Anzeichen einer Hernie bei Neugeborenen
In der Leistengegend findet sich eine Schwellung, die mit Angst und Schreien des Babys zunehmen kann. Die Tumeszenz kann im Ruhezustand abnehmen oder vollständig verschwinden. Inguinal Hernie bei Neugeborenen hat in der Regel keine schmerzhaften Symptome. Schmerzhafte Empfindungen können auftreten, wenn ein Kind eine Hernie erleidet.
Was ist, wenn das Neugeborene einen Bruch hat?
Wenn eine Schwellung in der Leistengegend festgestellt wird, lohnt es sich, sofort einen Spezialisten zu kontaktieren, um eine gefährliche Krankheit zu vermeiden. Selbstbehandlung ist kategorisch inakzeptabel, dann kann jederzeit eine Komplikation auftreten - Verletzung der Hernie.

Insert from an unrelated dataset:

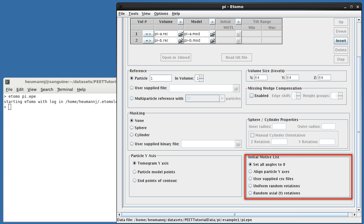PEAT stores alignments, that is, rotations and translations, for each particle in files called motive lists. We can use an initial motive list to specify starting orientations for each particle. In this case, no such information is available, so we've selected Set all angles to 0, which leaves the particles in their original orientation.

Verletzung von Leistenbruch
Es tritt auf, wenn die inneren Organe in den Hernietoren gequetscht werden. Dies kann eine akute Darmobstruktion, Peritonitis, Nekrose von Geweben oder den Tod eines gestörten Organs hervorrufen.
Trotz der Tatsache, dass Leistenbruch am häufigsten bei neugeborenen Jungen auftritt, tritt es auch bei Mädchen auf. Gleichzeitig ist diese Krankheit für Mädchen besonders gefährlich, weil das Gewebe ihrer Eierstöcke für die geringste Unterbrechung der Blutversorgung sehr anfällig ist. Schon eine leichte Verletzung des Eierstocks kann fatale Folgen für die weitere Fortpflanzungsfähigkeit des Mädchens haben und zur Unfruchtbarkeit werden.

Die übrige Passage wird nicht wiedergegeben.